Top of DATA SHOWN

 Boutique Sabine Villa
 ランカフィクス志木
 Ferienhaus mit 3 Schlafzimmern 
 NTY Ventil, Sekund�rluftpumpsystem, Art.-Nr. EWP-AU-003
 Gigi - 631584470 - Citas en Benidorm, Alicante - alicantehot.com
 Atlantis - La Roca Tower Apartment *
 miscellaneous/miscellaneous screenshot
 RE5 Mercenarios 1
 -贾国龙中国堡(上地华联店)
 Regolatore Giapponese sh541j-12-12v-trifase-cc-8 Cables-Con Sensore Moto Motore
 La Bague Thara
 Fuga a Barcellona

Bottom of DATA SHOWN

EXERCISE DESCRIPTION
All the records are to be transcribed exactly, with no line missing.

SOLUTION BELOW
 Boutique Sabine Villa
 ランカフィクス志木
 Ferienhaus mit 3 Schlafzimmern 
 NTY Ventil, Sekund�rluftpumpsystem, Art.-Nr. EWP-AU-003
 Gigi - 631584470 - Citas en Benidorm, Alicante - alicantehot.com
 Atlantis - La Roca Tower Apartment *
 miscellaneous/miscellaneous screenshot
 RE5 Mercenarios 1
 -贾国龙中国堡(上地华联店)
 Regolatore Giapponese sh541j-12-12v-trifase-cc-8 Cables-Con Sensore Moto Motore
 La Bague Thara
 Fuga a Barcellona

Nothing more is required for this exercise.